Cause: the installer runs vmware-modconfig-console which produces enough output with some kernels that the python engine deadlocks is command piplining during the compile.

Technical Details: It is always dangerous for a linux/unix program to use the pipe-based "run a sub-command" library calls if it isn't ready to read all the output in one thread while waiting for the command to complete in another. Normally such commands should either be reading the result text or redirecting that result text to /dev/null. The naieve version just runs the command and waits for the result. But if the result text is larger than the system pipe buffer size, the command will block while trying to send its output, and the command never finishes. With the command waiting for the parent to read the data, and the parent waiting for the command to finish, the whole shebang just comes to a stop.

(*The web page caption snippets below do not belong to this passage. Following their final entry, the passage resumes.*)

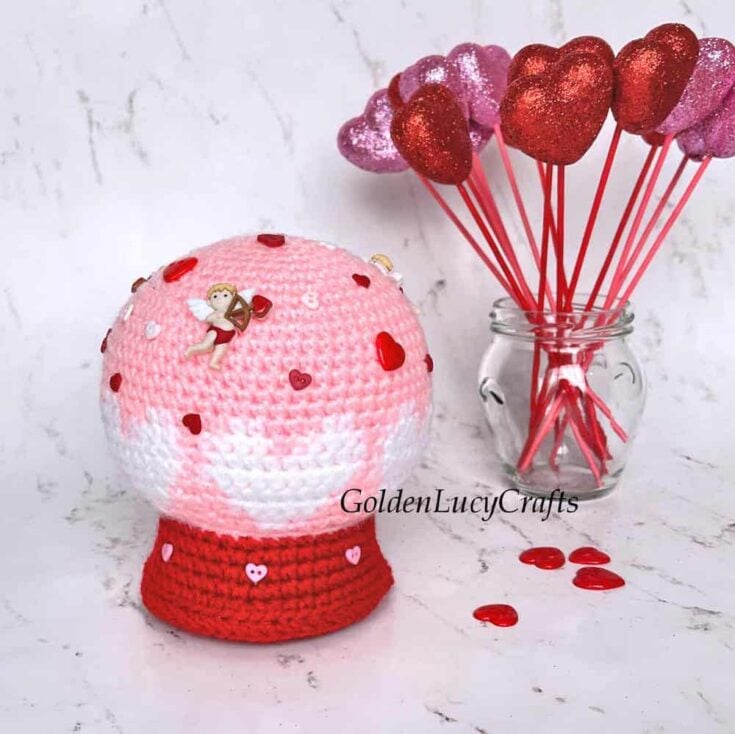 Image for Crochet Valentine’s Day Snow Globe Amigurumi by Golden Lucy Crafts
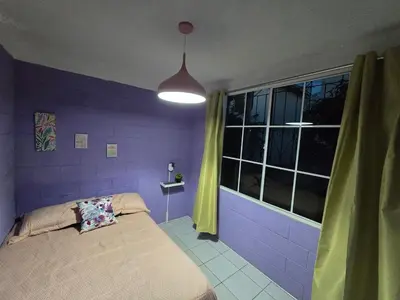 a purple bedroom with a bed and a window at the best private apartmet in santa ana for your trip with excelente location in Santa Ana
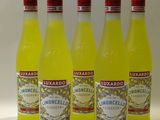 quatre bouteilles de limonade sont alignées sur une surface blanche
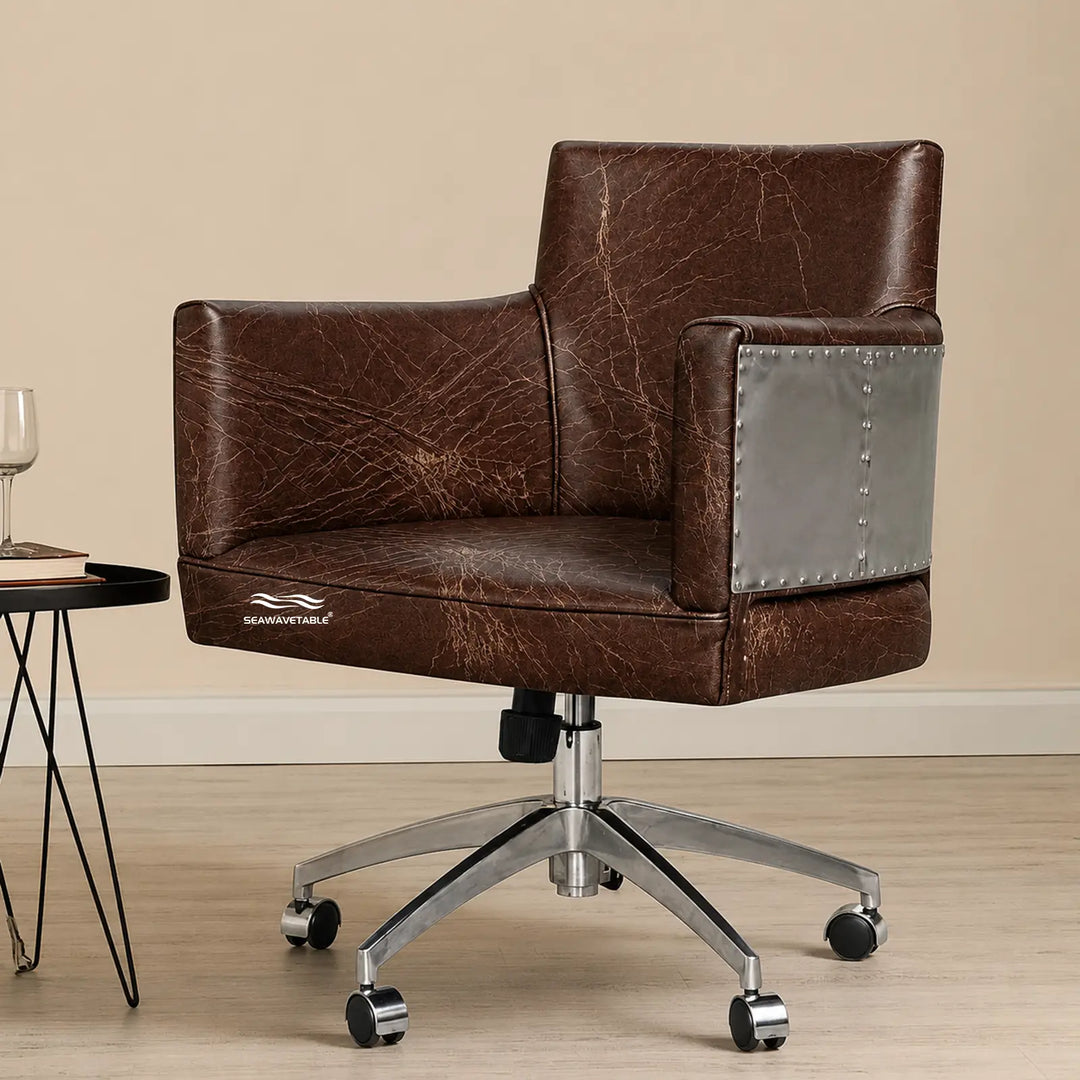 Vintage leather office chair with cushioned seating, riveted metal details, and rolling base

Why this is happening: The current driver patches for the 2.6.31 kernels produce a lot of warning messages about the symbols _MSVC_VER and __FREE_BSD__ being not defined. This never happened before, and whoever wrote the installer never tried it against a long stream of output. So with the new warning stream the compile and the installer deadlock as above.

Workaround: There are three phases to the work around; It is necessary to catch and kill the compile step; this, in turn would cause the installer to back out the installation, so you have to stop that from happening; then you have to compile the modules manually.

Steps:

1) open two command windows.

2) become root in one of those windows. i.e. "su -". (If you havn't set your root password in Ubuntu use "sudo su -" and your login password)

3) in the root-ed window run "while true; do killall -9 vmware-modconfig-console; sleep 1; done" this wil try, once each second, to kill the module compile step. Ignore the stream of not-found messages.

4) in the non-root window run the install with sudo and the --ignore-errors argument; i.e. "sudo ./VMware-Workstation-6.5.3-185404.i386.bundle --ignore-errors". This will take a little longer than usual because of the continuous killall above, don't sweat it.

5) once the installer finishes go back to the root window and do a control-C to stop the kill loop.

6) In the root window run "vmware-modconfig --console --install-all" to install the modules.

Caveats and Tips:

a) Once you have a hung installer session you have to kill the python command that is running the installer. Think of that as a step-0 if it comes up. 8-)

b) If the installer still hangs, the kill loop may not be fast enough; start over but leave the 'sleep 1;' out of the kill loop. It will slow down the install even more, but it is more likely to catch the command in time.

ASIDE: It woudl be nice if the installer had a don't compile the modules step...

Hopefully the installer will be fixed soon.


I'm having this problem also. Tried strace, lsof, now trying this solution. Thanks in advance, guy!